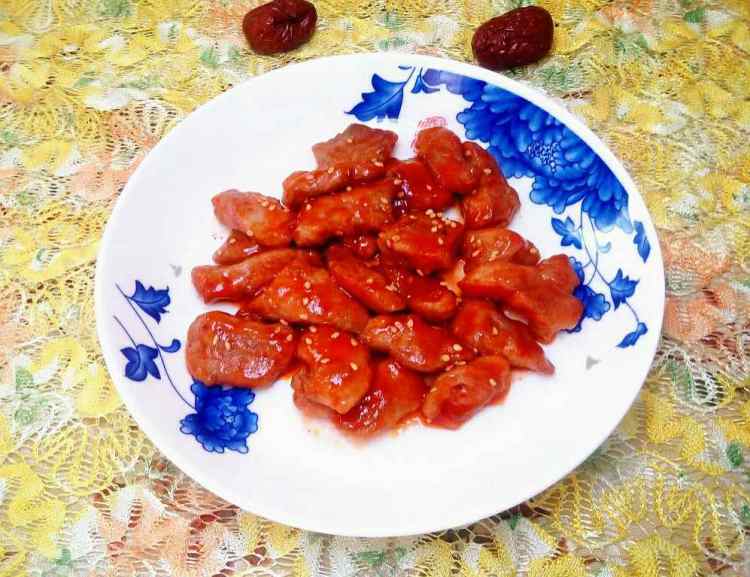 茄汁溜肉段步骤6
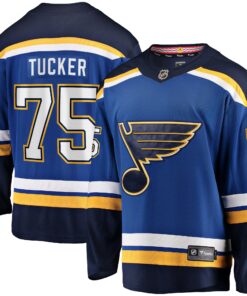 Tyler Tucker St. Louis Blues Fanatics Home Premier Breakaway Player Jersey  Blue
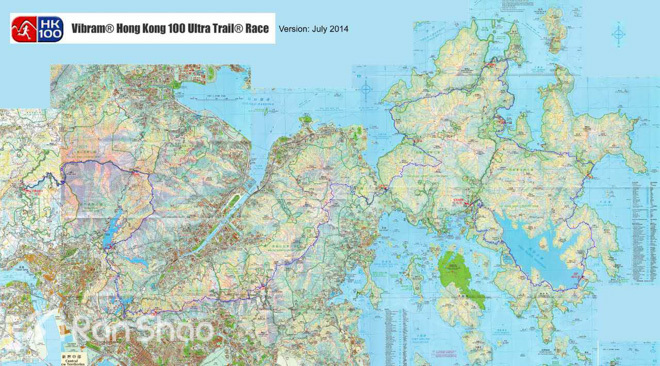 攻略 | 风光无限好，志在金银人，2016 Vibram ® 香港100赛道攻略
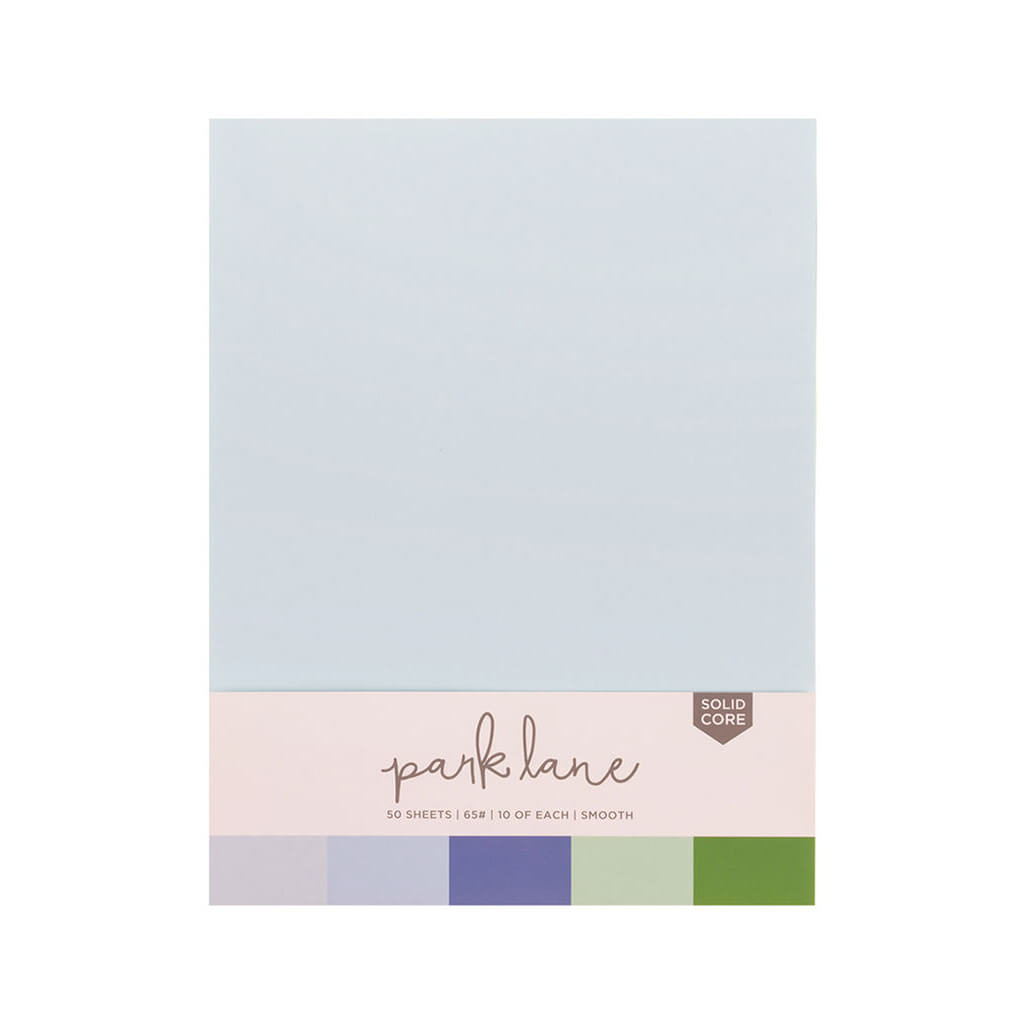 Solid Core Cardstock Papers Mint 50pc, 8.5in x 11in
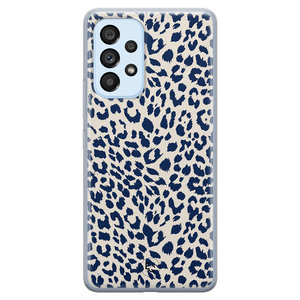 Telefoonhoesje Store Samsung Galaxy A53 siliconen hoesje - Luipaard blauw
________________
Work to complete:
Write the lines out word for word, starting at the one with "Solid Core Cardstock" and stopping after the last line of the material above, with pictures excluded.

Exercise answer:
 Solid Core Cardstock Papers Mint 50pc, 8.5in x 11in
 Telefoonhoesje Store Samsung Galaxy A53 siliconen hoesje - Luipaard blauw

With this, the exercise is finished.